Nach neuen queerfeindlichen Gesetzen in Russland plädiert Vangardist-Redaktionsleiter Konstantin Paul für einen entschlosseneren Kampf gegen Diskriminierung – im eigenen Land und international.
Das x-te Gesetz gegen LGBTQIA+
Gestern hat die Duma, die russische Abgeordnetenkammer, in erster Lesung ein neues Gesetz beschlossen. Ab sofort ist jede Information über LGBTQIA+ Themen verboten, da Queersein eine “nicht-traditionelle sexuelle Beziehung” darstellt. Unter diese Kategorie fällt im übrigen auch Pädophilie, damit jetzt alle in Russland wissen, wie Queersein zu verstehen ist. Um Informationen über Transgeschlechtlichkeit und Nichtbinarität muss man sein Alter mittels Code verifizieren und queere Filme dürfen weder im Kino gezeigt werden noch online gestreamt. Der Verkauf von Büchern mit querem Inhalt ist sowieso verboten. Das Gesetz ist also die absolute Illegalisierung von allem, was nicht cis und hetero ist. Und als ob das nicht reicht: mit obskuren Attributen wird die LGBTQIA+ Community belegt: Sünde (natürlich) und “Dunkelheit”. Der Kampf gegen uns ist nun also ein Kampf gegen Satan selbst.
Die absurde, tödliche Welt der Propaganda
Überraschend ist das nicht. Die politischen Aktionen gegen queere Menschen hier aufzulisten, dauert zu lange und ist auch unnötig. Es war immer allen alles bewusst.

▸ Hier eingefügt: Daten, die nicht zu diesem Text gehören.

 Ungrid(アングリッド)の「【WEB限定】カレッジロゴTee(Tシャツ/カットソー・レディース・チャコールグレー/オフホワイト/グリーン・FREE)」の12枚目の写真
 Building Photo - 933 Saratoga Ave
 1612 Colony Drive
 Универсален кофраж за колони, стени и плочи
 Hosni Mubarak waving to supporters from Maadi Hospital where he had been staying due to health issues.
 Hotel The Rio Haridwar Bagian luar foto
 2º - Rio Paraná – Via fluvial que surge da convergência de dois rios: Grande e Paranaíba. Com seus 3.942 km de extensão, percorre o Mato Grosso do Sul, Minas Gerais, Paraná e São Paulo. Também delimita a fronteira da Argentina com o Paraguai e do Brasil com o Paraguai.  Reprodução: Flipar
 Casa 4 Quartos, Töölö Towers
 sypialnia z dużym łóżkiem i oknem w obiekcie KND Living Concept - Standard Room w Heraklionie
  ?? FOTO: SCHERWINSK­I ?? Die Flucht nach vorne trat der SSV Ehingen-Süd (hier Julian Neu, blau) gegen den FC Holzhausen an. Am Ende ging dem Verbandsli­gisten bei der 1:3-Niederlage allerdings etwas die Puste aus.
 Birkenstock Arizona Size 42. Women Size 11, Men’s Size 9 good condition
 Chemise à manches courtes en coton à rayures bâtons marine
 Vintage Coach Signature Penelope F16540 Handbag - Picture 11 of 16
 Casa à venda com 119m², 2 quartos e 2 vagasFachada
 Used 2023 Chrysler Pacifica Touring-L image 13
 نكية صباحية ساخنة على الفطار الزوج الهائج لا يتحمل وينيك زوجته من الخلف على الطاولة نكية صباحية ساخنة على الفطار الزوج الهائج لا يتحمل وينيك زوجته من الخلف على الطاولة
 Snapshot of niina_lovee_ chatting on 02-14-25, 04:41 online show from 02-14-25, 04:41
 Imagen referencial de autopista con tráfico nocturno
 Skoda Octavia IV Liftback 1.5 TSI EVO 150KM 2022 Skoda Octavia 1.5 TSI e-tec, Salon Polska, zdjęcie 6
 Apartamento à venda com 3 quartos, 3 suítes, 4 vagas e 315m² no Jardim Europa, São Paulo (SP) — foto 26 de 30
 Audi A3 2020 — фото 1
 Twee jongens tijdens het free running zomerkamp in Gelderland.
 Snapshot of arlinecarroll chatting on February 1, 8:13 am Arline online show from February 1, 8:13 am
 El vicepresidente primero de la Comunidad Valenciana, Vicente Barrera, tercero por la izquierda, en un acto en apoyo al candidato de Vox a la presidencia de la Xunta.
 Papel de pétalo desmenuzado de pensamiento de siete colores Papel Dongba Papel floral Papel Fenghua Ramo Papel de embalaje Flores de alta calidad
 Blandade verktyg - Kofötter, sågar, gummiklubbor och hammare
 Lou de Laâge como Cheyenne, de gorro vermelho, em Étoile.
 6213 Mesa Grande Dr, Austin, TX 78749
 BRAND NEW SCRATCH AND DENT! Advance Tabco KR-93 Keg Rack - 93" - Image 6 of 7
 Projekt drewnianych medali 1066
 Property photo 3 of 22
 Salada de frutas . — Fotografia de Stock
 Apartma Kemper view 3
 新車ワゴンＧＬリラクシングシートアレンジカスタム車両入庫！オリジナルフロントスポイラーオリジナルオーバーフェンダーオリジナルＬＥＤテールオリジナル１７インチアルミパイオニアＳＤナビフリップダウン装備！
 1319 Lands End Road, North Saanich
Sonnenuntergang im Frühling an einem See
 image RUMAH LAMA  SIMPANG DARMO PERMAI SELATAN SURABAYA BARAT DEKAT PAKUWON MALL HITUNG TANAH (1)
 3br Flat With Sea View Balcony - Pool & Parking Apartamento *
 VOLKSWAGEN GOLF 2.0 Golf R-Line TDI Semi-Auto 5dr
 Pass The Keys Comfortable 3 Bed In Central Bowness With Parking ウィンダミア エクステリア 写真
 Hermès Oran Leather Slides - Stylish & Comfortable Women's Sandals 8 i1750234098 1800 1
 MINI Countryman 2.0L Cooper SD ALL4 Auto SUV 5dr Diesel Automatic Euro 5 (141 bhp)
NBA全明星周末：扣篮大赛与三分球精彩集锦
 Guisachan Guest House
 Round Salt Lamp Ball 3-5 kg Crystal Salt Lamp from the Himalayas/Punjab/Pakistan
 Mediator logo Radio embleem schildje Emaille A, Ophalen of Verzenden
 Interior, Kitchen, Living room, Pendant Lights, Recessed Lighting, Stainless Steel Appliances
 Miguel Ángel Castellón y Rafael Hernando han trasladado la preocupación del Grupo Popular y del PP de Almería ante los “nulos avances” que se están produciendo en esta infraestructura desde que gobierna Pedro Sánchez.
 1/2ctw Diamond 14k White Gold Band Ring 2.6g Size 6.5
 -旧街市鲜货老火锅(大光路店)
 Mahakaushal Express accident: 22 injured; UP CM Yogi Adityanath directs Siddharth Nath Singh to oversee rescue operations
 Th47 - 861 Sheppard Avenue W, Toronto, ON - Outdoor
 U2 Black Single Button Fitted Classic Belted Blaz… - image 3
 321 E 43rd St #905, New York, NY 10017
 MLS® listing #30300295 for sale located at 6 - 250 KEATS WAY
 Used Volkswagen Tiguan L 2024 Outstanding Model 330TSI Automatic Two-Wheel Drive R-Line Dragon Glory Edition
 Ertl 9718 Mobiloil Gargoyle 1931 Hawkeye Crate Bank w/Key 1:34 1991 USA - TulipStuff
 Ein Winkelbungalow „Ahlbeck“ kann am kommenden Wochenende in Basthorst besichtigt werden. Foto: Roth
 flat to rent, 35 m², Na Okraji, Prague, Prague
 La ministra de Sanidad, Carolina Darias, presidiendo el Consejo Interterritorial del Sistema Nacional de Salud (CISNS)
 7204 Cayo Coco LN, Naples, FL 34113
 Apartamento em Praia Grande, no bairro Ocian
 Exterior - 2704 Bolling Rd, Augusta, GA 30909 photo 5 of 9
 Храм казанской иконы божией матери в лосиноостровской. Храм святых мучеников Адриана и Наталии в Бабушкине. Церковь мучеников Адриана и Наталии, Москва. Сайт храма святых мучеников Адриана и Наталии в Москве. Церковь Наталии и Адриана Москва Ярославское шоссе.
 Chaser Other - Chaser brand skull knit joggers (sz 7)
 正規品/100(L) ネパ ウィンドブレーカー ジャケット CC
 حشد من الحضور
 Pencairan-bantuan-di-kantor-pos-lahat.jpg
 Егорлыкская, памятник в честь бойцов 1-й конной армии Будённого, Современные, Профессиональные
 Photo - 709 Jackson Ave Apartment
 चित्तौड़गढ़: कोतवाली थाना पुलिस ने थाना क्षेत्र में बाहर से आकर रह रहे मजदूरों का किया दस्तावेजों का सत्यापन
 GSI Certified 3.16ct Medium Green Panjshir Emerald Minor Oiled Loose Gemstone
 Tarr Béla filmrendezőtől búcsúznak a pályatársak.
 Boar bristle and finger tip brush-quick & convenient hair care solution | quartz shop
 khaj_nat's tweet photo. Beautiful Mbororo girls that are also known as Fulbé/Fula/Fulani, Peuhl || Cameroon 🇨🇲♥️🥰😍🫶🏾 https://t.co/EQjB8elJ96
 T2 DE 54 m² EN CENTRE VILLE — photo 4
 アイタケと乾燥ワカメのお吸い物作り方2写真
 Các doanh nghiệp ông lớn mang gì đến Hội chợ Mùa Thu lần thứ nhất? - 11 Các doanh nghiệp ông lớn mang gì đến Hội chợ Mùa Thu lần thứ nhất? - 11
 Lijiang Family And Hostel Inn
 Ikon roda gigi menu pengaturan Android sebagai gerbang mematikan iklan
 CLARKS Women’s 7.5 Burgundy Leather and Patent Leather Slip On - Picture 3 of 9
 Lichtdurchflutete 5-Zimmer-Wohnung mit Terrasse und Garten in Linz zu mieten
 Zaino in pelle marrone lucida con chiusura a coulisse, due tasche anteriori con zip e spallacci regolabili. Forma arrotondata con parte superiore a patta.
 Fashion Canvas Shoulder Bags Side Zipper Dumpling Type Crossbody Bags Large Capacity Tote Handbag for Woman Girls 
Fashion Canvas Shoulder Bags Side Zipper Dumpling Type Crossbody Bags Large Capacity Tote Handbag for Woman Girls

Seit 2011 schon wird “LGBT-Propaganda” in Russland bekämpft. Das westliche Europa wurde verächtlich als “Gayropa” verschrien und absurdeste Lügen verbreitet. Geschlechtsangleichungen sind unsere “Leidenschaft”, Herzen von schwulen Männern könnten keine Spenderorgane sein und in Dänemark gäbe es angeblich ein Tierbordell für Menschen, die mal mit einer Schildkröte erotische Stunden erleben wollen. Klingt zu fantastisch, um glaubwürdig zu sein. Aber diese Themen haben seit über zehn Jahren Konjunktur in Russland und sind gefährlich: Auch die Ukraine wurde angeblich vom Westen mit queeren Inhalten “verdorben”, fördere nun Pädophilie und deshalb müsse Russland “einschreiten”. Das ganze ist eine einzige imperialistische Shitshow.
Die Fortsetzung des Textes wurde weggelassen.